# Data cleaning

In [18]:
import pandas as pd
import numpy as np

## Handling Missing Values

In pandas, missing values can be represented by `None`, `NaN`, or other placeholders like `null` or `na`. 

To handle these different representations uniformly, you can use the `replace()` function to convert them to `NaN`, which pandas recognizes as missing values. 

After that, you can use `isnull()`, `dropna()`, and `fillna()` as usual.

In pandas, `None` and `NaN` are both considered as missing values. However, to handle other representations like `null`, `na`, `NA`, and empty strings '', you need to convert them to `NaN` so that pandas can recognize them as missing values.

In [19]:
# Create a sample DataFrame with different representations of missing values
df = pd.DataFrame(
    {
        "A": [1, 2, None, 4, "null"],
        "B": [5, 2, 3, 4, "na"],
        "C": [1, "NA", None, 4, ""],
    }
)

# Replace different representations of missing values with np.nan
df.replace(["null", "na", "NA", ""], value=np.nan, inplace=True)
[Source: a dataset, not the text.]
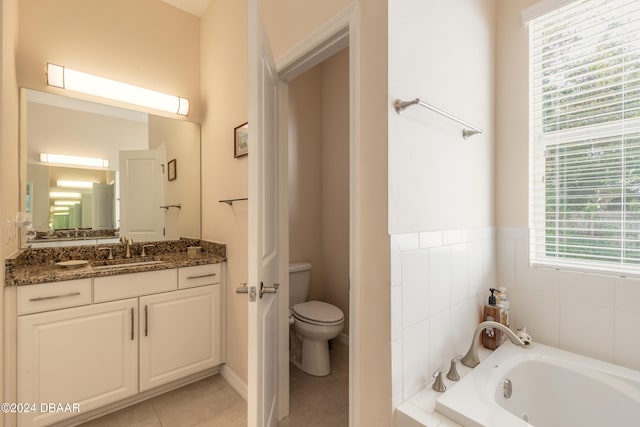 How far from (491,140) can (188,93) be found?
2275 millimetres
# Now you can use isnull(), dropna(), and fillna() as usual

#### Identifying Missing Values with `isnull()`

The `isnull()` function helps identify missing values in a DataFrame. It returns a DataFrame of the same shape with `True` for missing values and `False` for non-missing values.

In [4]:
# Create a sample DataFrame with missing values
df = pd.DataFrame({"A": [1, 2, None, 4], "B": [None, 2, 3, 4], "C": [1, None, None, 4]})

# Identify missing values
df.isnull()

Unnamed: 0,A,B,C
0,False,True,False
1,False,False,True
2,True,False,True
3,False,False,False


#### Dropping Rows with Missing Values using `dropna()`

The `dropna()` function removes rows or columns with missing values. By default, it drops rows with any missing values.

In [5]:
# Drop rows with any missing values
df.dropna()

Unnamed: 0,A,B,C
3,4.0,4.0,4.0


You can also drop columns with missing values by setting the axis parameter to 1.

In [6]:
df.dropna(axis=1)

0
1
2
3


#### Filling Missing Values using `fillna()`

The `fillna()` function replaces missing values with a specified value.

In [7]:
# Fill missing values with 0
df.fillna(0)

Unnamed: 0,A,B,C
0,1.0,0.0,1.0
1,2.0,2.0,0.0
2,0.0,3.0,0.0
3,4.0,4.0,4.0


You can also fill missing values with different values for each column by passing a dictionary.

In [8]:
# Fill missing values with different values for each column
df.fillna({"A": 0, "B": 1, "C": 2})

Unnamed: 0,A,B,C
0,1.0,1.0,1.0
1,2.0,2.0,2.0
2,0.0,3.0,2.0
3,4.0,4.0,4.0


#### Removing Duplicates

Removing Duplicate Rows using `drop_duplicates()`

In [9]:
# Create a sample DataFrame with duplicate rows
df_duplicates = pd.DataFrame({"A": [1, 2, 2, 4], "B": [1, 2, 2, 4], "C": [1, 2, 2, 4]})

# Remove duplicate rows
df_duplicates.drop_duplicates()

Unnamed: 0,A,B,C
0,1,1,1
1,2,2,2
3,4,4,4


You can also specify which columns to consider for identifying duplicates.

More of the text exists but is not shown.